# A 220v plug on a 110v dryer??



## Brandiland (Oct 30, 2017)

Hi. I just purchased a Vastex D-1000 conveyor dryer. Everything on the dryer states it's a 110v dryer, (along with the bill) but the plug is for a 220v. Is that a thing? Has that happened to anyone else who purchased the D-1000? I emailed the company I purchased the dryer from, but haven't heard back yet. I was just curious, as this seems like a big inconvenience to have to buy a converter for something that could have just come with the correct plug.


----------



## crazymike (Aug 18, 2008)

Brandiland said:


> Hi. I just purchased a Vastex D-1000 conveyor dryer. Everything on the dryer states it's a 110v dryer, (along with the bill) but the plug is for a 220v. Is that a thing? Has that happened to anyone else who purchased the D-1000? I emailed the company I purchased the dryer from, but haven't heard back yet. I was just curious, as this seems like a big inconvenience to have to buy a converter for something that could have just come with the correct plug.


Are you sure it is a 220 plug and not a 20anp 110 plug?


----------



## Diesel Tuner (Jan 7, 2013)

could be a 30 amp 110 volt plug also.


----------



## Brandiland (Oct 30, 2017)

crazymike said:


> Are you sure it is a 220 plug and not a 20anp 110 plug?


Yes, positive. It has a vertical, horizontal and ground prong. I even confirmed with an electrician.


----------



## herokid (Jul 22, 2016)

It's a 120v 240v would have horizontal prong on the right and there would be no ground. I have owned and familiar with the unit.


----------



## Brandiland (Oct 30, 2017)

I confirmed it's a NEMA 5-20p plug. Ok, so now I guess my question is, do I get a 15 amp to 20 amp adapter cord, OR do I install a new outlet? Are there any pros and cons to the two? Herokid, what did you do?


----------



## easyrider1340 (Jan 16, 2007)

You need 20 amp service to run the dryer. Don’t risk burning your shop (or worse, your home!) down by using cheater adapters. 
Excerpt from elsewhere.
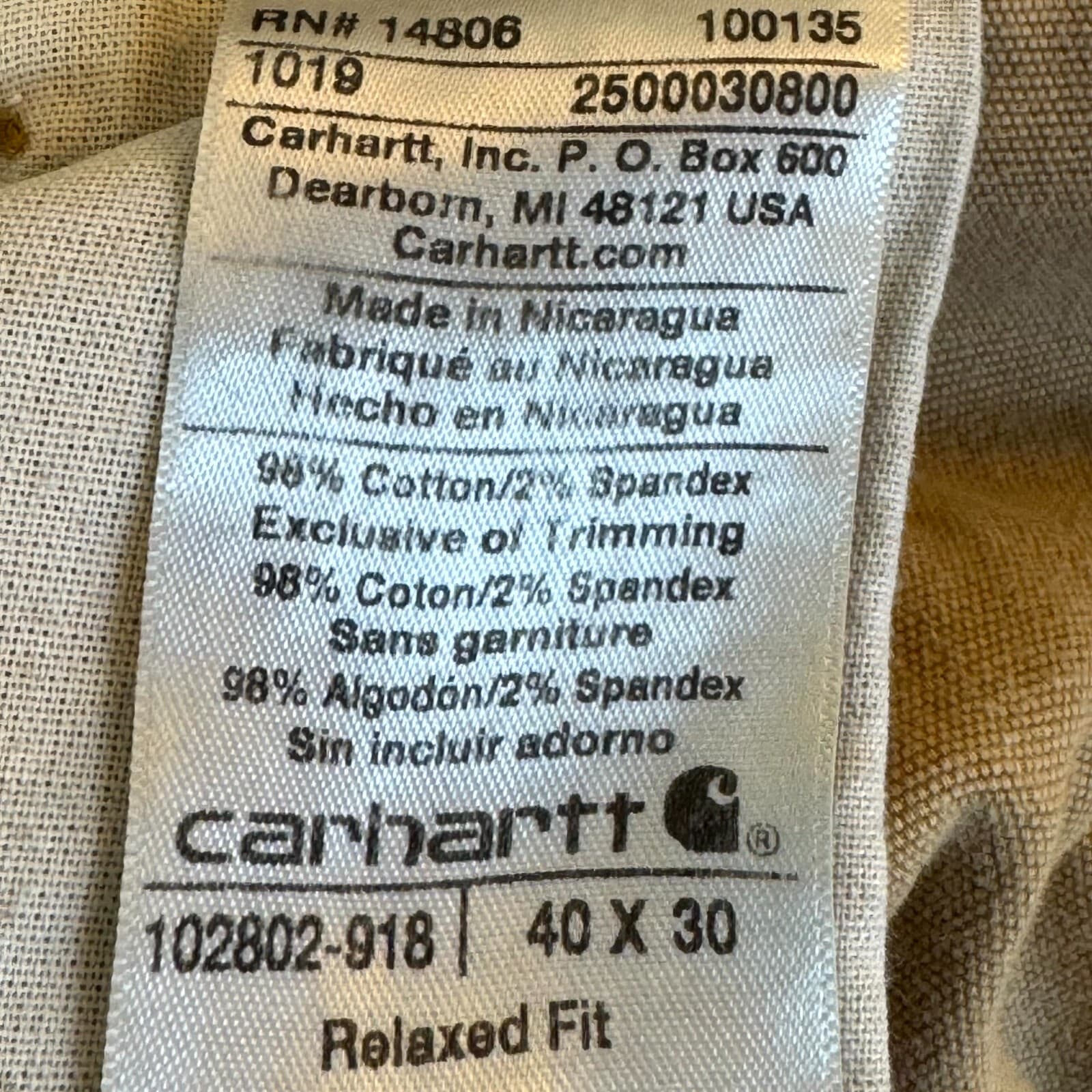 Carhartt Work Pants Men’s 40x30 Tan Stretch Relaxed Fit Canvas Utility Workwear - Thumbnail 14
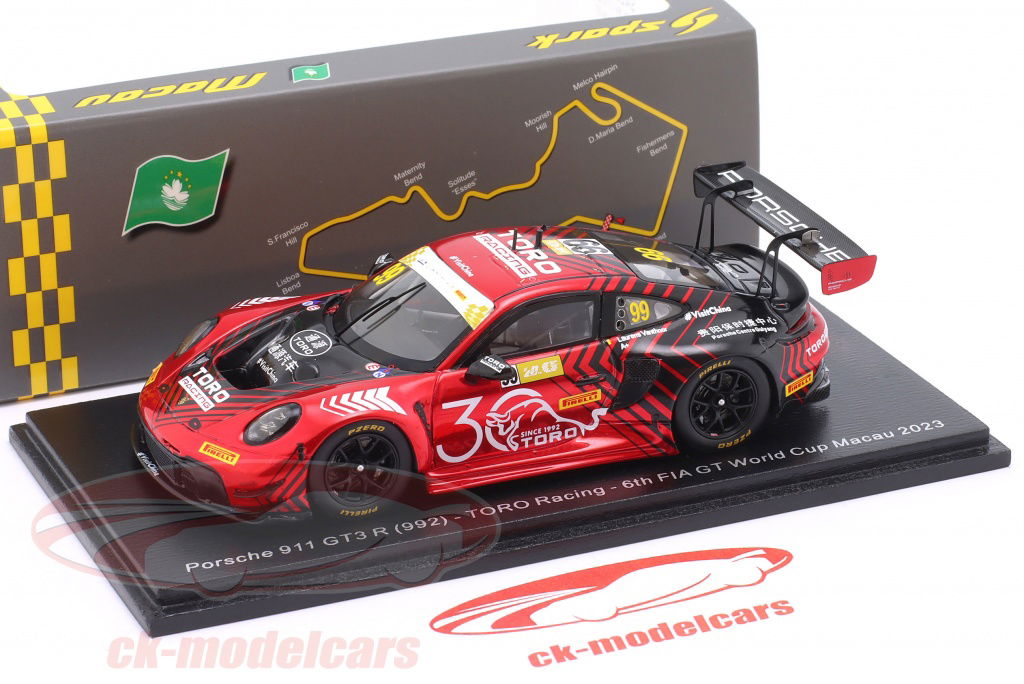 ミニカー Spark 1/43 Porsche 911GT3R 992 Macau #15 Spark 1:43 Limit #006/ Porsche 911 (992) GT3 R #99 6th FIA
Sent from my iPhone using Tapatalk


----------



## Diesel Tuner (Jan 7, 2013)

Put a 20 amp service for that unit. try to make sure it is a dedicated circuit for that dryer only. Run a new line if you have to. Don't skimp, not worth the downside.


----------



## Brandiland (Oct 30, 2017)

Ok, so I wanted to follow up since I now have everything resolved. I had an electrician come out (who also happens to be the inspector for the city). I explained to him that I needed a plug for the D-1000 and that I also had an adapter as an alternative route. He inspected the plug and the adapter and stated since there was no conversion taking place, that (specific) adapter would absolutely be ok to use. I was fully prepared for the "those will kill you", "that will cause a fire", "Never use those" speech, but he didn't say that at all. I've been hearing everywhere to not use the extender, but I could never get an answer as to why, especially since there was no conversion taking place. He explained that some people think they're getting the right converter or adapter, when really they needed something different. Then it catches fire and suddenly it's the adapter's fault. lol. 
We discussed future projects like designating the circuits and adding another 220v outlet, among other things. Since he was already there, I had him go ahead and just install the plug in the wall. I am already using a 20 amp service for that outlet, so nothing else needed to be done. My dryer is now up and running great. He even discussed needing t-shirts made and he's glad he found me. Today was a win/win.


----------